Il ne faut pas oublier les conditions actuelles et concrètes du travail, jusque dans la réalité des ateliers et des bureaux. A l'époque où la décentralisation politique s'impose pour des considérations pratiques de réalisme, l'approche microéconomique s'impose en matière d'organisation du travail pour des raisons analogues.
C'est cette réalité que votre projet de loi prend en compte, monsieur le ministre, pour l'introduire dans la législation antérieure. Vous opérez une greffe de bon sens sur une loi pavée de bonnes intentions, mais décalée par rapport au réel. C'est ce qu'ont bien compris la commission des affaires sociales et son excellent rapporteur, notre collègue Louis Souvet, que je tiens à saluer pour le travail précis qu'il a accompli.
Votre projet de loi, monsieur le ministre, exprime votre volonté de progresser de manière réaliste, dans une perspective clairement humaniste. Il a toutes les chances de rendre opératoire et efficace la législation actuelle sur la durée du travail, en dégrippant les engrenages bloqués. Vous instaurez un bon dosage entre les libres négociations des partenaires sociaux et les actes régulateurs de l'autorité de l'Etat.
Les risques sont inhérents à la vie, et la bonne méthode pour les minimiser est d'introduire un processus itératif dans l'action.
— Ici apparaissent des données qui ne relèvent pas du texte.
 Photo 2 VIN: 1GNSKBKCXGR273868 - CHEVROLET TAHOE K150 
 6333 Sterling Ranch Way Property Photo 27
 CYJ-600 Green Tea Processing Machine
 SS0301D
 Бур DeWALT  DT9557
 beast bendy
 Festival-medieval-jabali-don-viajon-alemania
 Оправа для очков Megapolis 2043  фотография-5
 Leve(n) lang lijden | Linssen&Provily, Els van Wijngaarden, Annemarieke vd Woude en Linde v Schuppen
C'est cette qualité que je trouve dans votre approche des problèmes graves et urgents à résoudre qui ont été accumulés par une loi trop rigide et trop complexe. Grâce à la réforme que vous nous proposez, vous restaurez un espoir de réel partage du travail par une procédure libérée, mais régulée. Nous savons, par ailleurs, à travers vos récentes déclarations, que vous vous préoccupez des laissés-pour-compte de la croissance, qui ont des problèmes spécifiques d'accès à l'emploi.
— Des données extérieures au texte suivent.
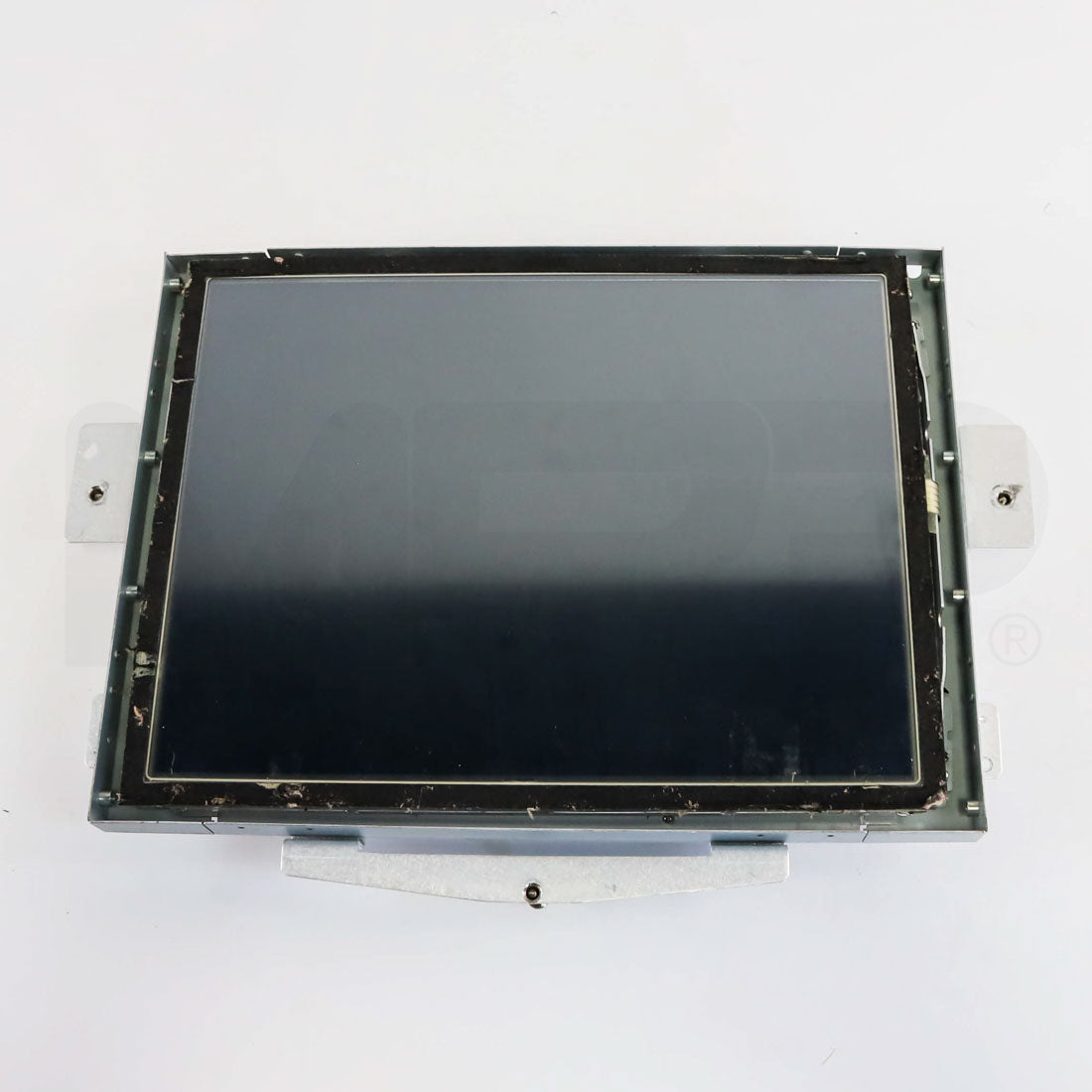 Solta Fraxel Re:Store LCD Display Assembly Front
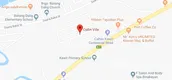 Voir sur la carte of COLLIN VILLE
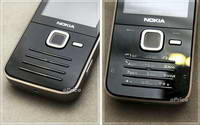 Nokia N78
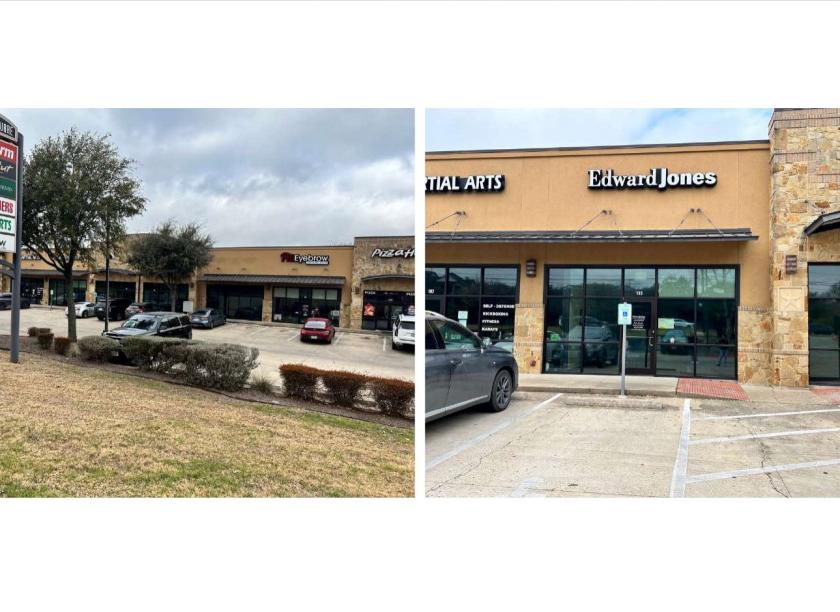 8400 Brodie Lane Austin, TX 78745 ID 304308 MyEListing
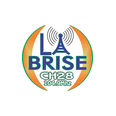 listen La Brise FM online
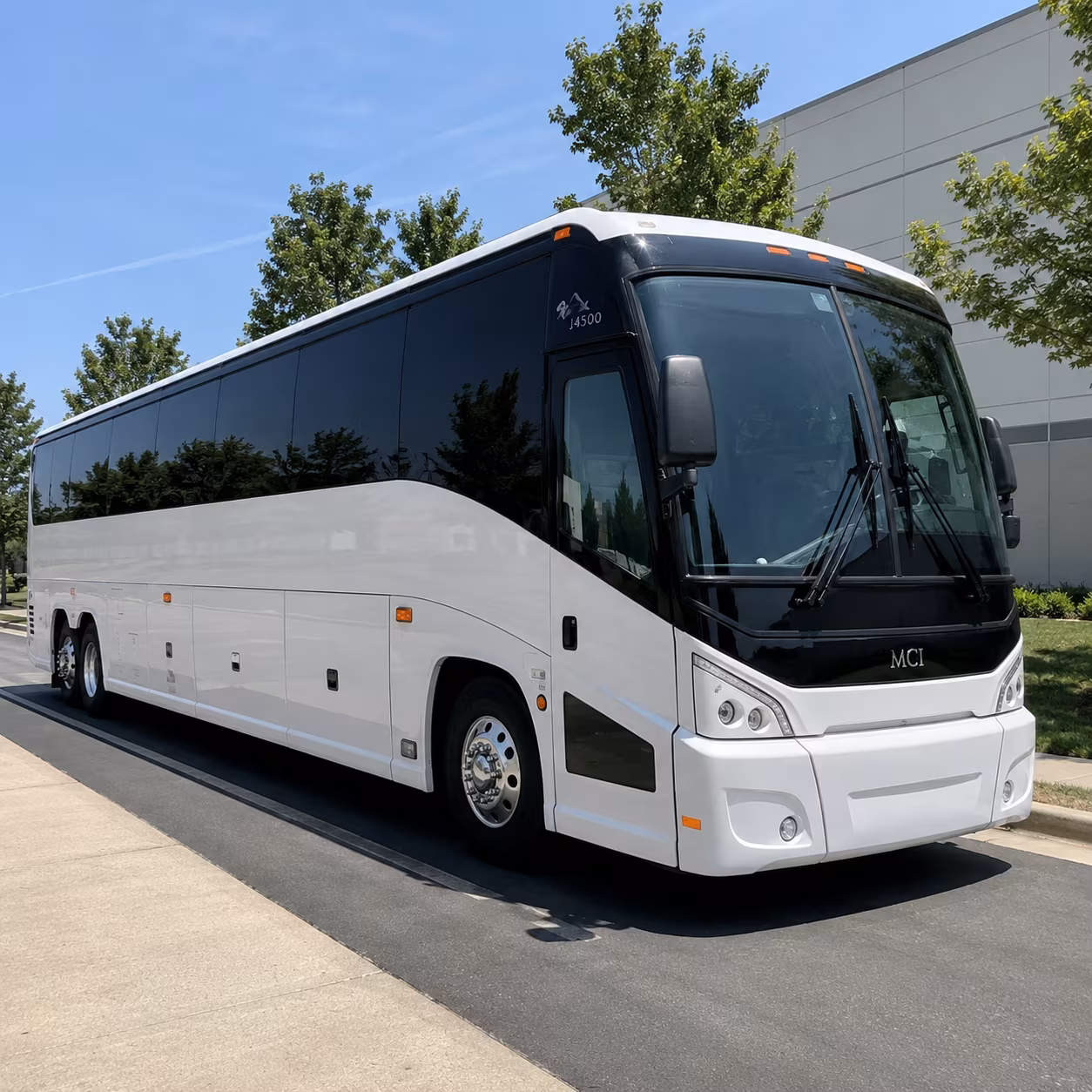 concert and show nights at snhu arena made easy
Ainsi, les trois fonctions à concilier seront bien prises en compte à travers la politique de l'emploi que vous conduisez : amélioration de vie de ceux qui ont un emploi ; accès au travail de ceux qui en ont les capacités ; enfin, accès au processus d'intégration de ceux qu'une simple augmentation physique de l'offre d'emploi ne suffit pas à insérer. (Applaudissements sur les travées des Républicains et Indépendants, du RPR et de l'Union centriste, ainsi que sur certaines travées du RDSE.)